Kurtlar Vadisi Necati Şaşmaz hangi rolde kamera önünde yer alacak?
Uzun yıllar boyunca Kurtlar Vadisi adlı yapıtta Polat Alemdar karakteriyle özdeşleşen profesyonel oyuncu Necati Şaşmaz yepyeni bir projede yer alacak. Necati Şaşmaz'ın senaryosunu kendi yazdığı uluslararası bir dizide Şems karakterine hayat vereceği ortaya çıktı. Kurtlar Vadisi'nin efsane isminin yeni projesi hakkında en son gelişmeler!

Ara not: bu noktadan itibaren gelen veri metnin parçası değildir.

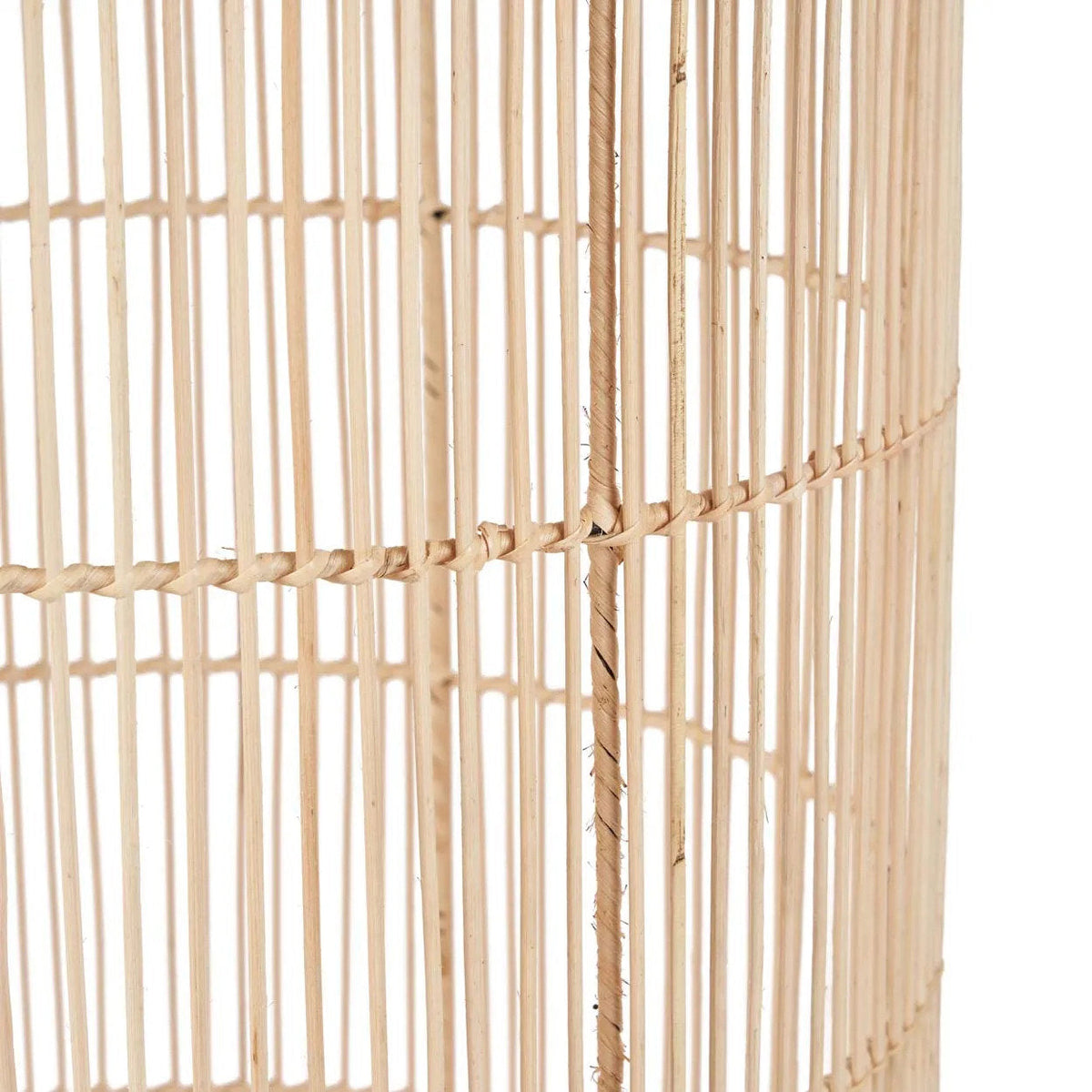 Lampa wisząca Bozelo Naturalna XL Bazar Bizarre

ABONE OLMilyonları ekrana kilitleyen Kurtlar Vadisi adlı projede Polat Alemdar rolünü canlandırarak gönüllerde taht kuran isim Necati Şaşmaz'dan müjdeli bir haber geldi. Usta oyuncu Necati Şaşmaz, Kurtlar Vadisi dizisindeki fenomen haline gelen Polat Alemdar rolü dışında yepyeni ve farklı bir projede yer alacağının açıklamasını gerçekleştirdi.

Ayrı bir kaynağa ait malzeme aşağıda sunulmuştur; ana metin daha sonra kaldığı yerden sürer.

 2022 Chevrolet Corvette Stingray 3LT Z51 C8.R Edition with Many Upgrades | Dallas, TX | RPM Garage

Necati Şaşmaz'ın izleyici kitlesini heyecanlandıran açıklamaları doğrultusunda, senaryosunu bizzat kendi kaleme aldığı uluslararası bir dizi projesinde Şems karakterini canlandıracağının duyurusunda bulundu. Böylece Necati Şaşmaz uzun yılların ardından ilk kez Kurtlar Vadisi dizisinde Polat Alemdar rolü dışında bambaşka bir rol üstlenmeye hazırlanıyor. Öte yandan kurtlar Vadisi dizini yayınlanması için sabırsızlık içerisinde geri sayıma başlayan izleyiciler için de, televizyon kanallarıyla görüşmelerin şu an için devam ettiğinin ve dizinin önümüzde sezon başlayabileceğinin açıklamasında bulundu.
ŞEMS-İ TEBRİZİ KİMDİR?
Şems-i Tebrizi, 1185 tarihinde Tebriz’de doğmuştur. Esas adı, Mevlana Muhammed olan Tebrizi, Melik Dad oğlu Ali isminde bir zatın oğludur.Dinin güneşi anlamı taşıyan Şemseddin lakabıyla anılan Tebrizi, ufak yaşlarda manevi ilimleri tahsilde gösterdiği kabiliyetle tüm dikkatleri üzerinde toplayan önemli bir isim haline gelmiştir. Din ilimleri tahsilden sonra, genç yaşlarında Tebrizli Ebubekir Sellaf`a mürid olmuş, ününü duyduğu bütün meşhur şeyhlerden feyz almaya çalışmış ve bu nedenle diyar diyar dolaşmıştır.Bu gezginliğinden ötürü kendisine "Şemseddin Perende" yani uçan Şemseddin adı verilmiştir. Aynı zamanda Tebriz`de tarikat pirleri ve hakikat arifleri ona "Kamil-i Tebrizi" adını vermişlerdir.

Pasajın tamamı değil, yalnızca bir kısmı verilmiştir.